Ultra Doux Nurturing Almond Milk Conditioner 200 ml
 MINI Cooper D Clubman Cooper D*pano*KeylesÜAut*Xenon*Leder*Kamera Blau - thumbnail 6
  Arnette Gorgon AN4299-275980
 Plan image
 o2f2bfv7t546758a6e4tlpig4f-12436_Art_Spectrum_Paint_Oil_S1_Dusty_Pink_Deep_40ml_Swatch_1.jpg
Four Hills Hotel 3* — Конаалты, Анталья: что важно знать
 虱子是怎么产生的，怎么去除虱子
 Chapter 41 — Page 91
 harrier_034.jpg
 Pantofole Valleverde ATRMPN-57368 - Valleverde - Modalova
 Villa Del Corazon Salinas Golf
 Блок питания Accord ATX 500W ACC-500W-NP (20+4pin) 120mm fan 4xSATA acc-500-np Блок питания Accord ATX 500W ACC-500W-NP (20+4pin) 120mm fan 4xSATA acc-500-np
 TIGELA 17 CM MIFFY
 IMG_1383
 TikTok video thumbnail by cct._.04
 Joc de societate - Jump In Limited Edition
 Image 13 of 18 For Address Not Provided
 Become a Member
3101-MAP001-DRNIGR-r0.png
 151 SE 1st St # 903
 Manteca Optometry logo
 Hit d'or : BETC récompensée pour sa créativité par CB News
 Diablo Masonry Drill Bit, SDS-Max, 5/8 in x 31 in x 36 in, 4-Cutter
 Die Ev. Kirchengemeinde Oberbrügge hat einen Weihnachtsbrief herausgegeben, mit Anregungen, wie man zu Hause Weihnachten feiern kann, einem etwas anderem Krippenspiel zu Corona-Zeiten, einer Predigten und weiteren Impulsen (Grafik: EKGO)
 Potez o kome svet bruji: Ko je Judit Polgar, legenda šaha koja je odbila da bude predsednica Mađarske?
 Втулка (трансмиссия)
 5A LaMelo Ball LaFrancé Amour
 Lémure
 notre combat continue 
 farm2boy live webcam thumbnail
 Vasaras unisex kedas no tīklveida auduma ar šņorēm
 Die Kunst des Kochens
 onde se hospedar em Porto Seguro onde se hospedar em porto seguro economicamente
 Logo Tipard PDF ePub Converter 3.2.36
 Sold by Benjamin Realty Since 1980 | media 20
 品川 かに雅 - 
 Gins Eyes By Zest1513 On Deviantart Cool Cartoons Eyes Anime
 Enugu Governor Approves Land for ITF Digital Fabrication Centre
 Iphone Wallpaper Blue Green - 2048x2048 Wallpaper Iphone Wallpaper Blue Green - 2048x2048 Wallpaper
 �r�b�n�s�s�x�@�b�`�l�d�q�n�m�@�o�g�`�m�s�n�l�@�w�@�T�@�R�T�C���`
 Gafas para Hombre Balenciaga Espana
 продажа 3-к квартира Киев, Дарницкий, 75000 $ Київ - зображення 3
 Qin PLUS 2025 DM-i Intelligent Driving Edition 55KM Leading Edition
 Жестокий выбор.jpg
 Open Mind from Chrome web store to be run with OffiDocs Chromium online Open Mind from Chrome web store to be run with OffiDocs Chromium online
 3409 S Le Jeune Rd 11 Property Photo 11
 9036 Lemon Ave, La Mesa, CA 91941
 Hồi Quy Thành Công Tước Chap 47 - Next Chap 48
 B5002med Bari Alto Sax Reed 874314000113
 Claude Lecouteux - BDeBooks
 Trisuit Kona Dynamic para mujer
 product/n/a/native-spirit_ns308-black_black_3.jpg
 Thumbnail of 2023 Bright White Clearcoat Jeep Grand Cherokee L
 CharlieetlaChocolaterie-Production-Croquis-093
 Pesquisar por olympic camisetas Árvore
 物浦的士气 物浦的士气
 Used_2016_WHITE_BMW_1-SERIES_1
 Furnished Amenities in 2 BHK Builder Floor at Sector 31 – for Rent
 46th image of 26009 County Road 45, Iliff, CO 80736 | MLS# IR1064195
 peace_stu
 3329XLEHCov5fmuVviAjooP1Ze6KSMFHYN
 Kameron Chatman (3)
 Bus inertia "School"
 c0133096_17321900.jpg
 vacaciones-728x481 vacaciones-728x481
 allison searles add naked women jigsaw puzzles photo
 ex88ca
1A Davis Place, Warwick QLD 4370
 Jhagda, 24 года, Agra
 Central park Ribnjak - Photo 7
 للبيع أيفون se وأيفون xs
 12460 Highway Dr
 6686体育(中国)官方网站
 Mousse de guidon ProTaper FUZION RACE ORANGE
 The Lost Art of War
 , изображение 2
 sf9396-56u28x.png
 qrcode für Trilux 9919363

☆ ☆ ☆ ☆ ☆ ☆ ☆

Starting at the first line and ending at the last, restate the material word for word.

Ultra Doux Nurturing Almond Milk Conditioner 200 ml
 MINI Cooper D Clubman Cooper D*pano*KeylesÜAut*Xenon*Leder*Kamera Blau - thumbnail 6
  Arnette Gorgon AN4299-275980
 Plan image
 o2f2bfv7t546758a6e4tlpig4f-12436_Art_Spectrum_Paint_Oil_S1_Dusty_Pink_Deep_40ml_Swatch_1.jpg
Four Hills Hotel 3* — Конаалты, Анталья: что важно знать
 虱子是怎么产生的，怎么去除虱子
 Chapter 41 — Page 91
 harrier_034.jpg
 Pantofole Valleverde ATRMPN-57368 - Valleverde - Modalova
 Villa Del Corazon Salinas Golf
 Блок питания Accord ATX 500W ACC-500W-NP (20+4pin) 120mm fan 4xSATA acc-500-np Блок питания Accord ATX 500W ACC-500W-NP (20+4pin) 120mm fan 4xSATA acc-500-np
 TIGELA 17 CM MIFFY
 IMG_1383
 TikTok video thumbnail by cct._.04
 Joc de societate - Jump In Limited Edition
 Image 13 of 18 For Address Not Provided
 Become a Member
3101-MAP001-DRNIGR-r0.png
 151 SE 1st St # 903
 Manteca Optometry logo
 Hit d'or : BETC récompensée pour sa créativité par CB News
 Diablo Masonry Drill Bit, SDS-Max, 5/8 in x 31 in x 36 in, 4-Cutter
 Die Ev. Kirchengemeinde Oberbrügge hat einen Weihnachtsbrief herausgegeben, mit Anregungen, wie man zu Hause Weihnachten feiern kann, einem etwas anderem Krippenspiel zu Corona-Zeiten, einer Predigten und weiteren Impulsen (Grafik: EKGO)
 Potez o kome svet bruji: Ko je Judit Polgar, legenda šaha koja je odbila da bude predsednica Mađarske?
 Втулка (трансмиссия)
 5A LaMelo Ball LaFrancé Amour
 Lémure
 notre combat continue 
 farm2boy live webcam thumbnail
 Vasaras unisex kedas no tīklveida auduma ar šņorēm
 Die Kunst des Kochens
 onde se hospedar em Porto Seguro onde se hospedar em porto seguro economicamente
 Logo Tipard PDF ePub Converter 3.2.36
 Sold by Benjamin Realty Since 1980 | media 20
 品川 かに雅 - 
 Gins Eyes By Zest1513 On Deviantart Cool Cartoons Eyes Anime
 Enugu Governor Approves Land for ITF Digital Fabrication Centre
 Iphone Wallpaper Blue Green - 2048x2048 Wallpaper Iphone Wallpaper Blue Green - 2048x2048 Wallpaper
 �r�b�n�s�s�x�@�b�`�l�d�q�n�m�@�o�g�`�m�s�n�l�@�w�@�T�@�R�T�C���`
 Gafas para Hombre Balenciaga Espana
 продажа 3-к квартира Киев, Дарницкий, 75000 $ Київ - зображення 3
 Qin PLUS 2025 DM-i Intelligent Driving Edition 55KM Leading Edition
 Жестокий выбор.jpg
 Open Mind from Chrome web store to be run with OffiDocs Chromium online Open Mind from Chrome web store to be run with OffiDocs Chromium online
 3409 S Le Jeune Rd 11 Property Photo 11
 9036 Lemon Ave, La Mesa, CA 91941
 Hồi Quy Thành Công Tước Chap 47 - Next Chap 48
 B5002med Bari Alto Sax Reed 874314000113
 Claude Lecouteux - BDeBooks
 Trisuit Kona Dynamic para mujer
 product/n/a/native-spirit_ns308-black_black_3.jpg
 Thumbnail of 2023 Bright White Clearcoat Jeep Grand Cherokee L
 CharlieetlaChocolaterie-Production-Croquis-093
 Pesquisar por olympic camisetas Árvore
 物浦的士气 物浦的士气
 Used_2016_WHITE_BMW_1-SERIES_1
 Furnished Amenities in 2 BHK Builder Floor at Sector 31 – for Rent
 46th image of 26009 County Road 45, Iliff, CO 80736 | MLS# IR1064195
 peace_stu
 3329XLEHCov5fmuVviAjooP1Ze6KSMFHYN
 Kameron Chatman (3)
 Bus inertia "School"
 c0133096_17321900.jpg
 vacaciones-728x481 vacaciones-728x481
 allison searles add naked women jigsaw puzzles photo
 ex88ca
1A Davis Place, Warwick QLD 4370
 Jhagda, 24 года, Agra
 Central park Ribnjak - Photo 7
 للبيع أيفون se وأيفون xs
 12460 Highway Dr
 6686体育(中国)官方网站
 Mousse de guidon ProTaper FUZION RACE ORANGE
 The Lost Art of War
 , изображение 2
 sf9396-56u28x.png
 qrcode für Trilux 9919363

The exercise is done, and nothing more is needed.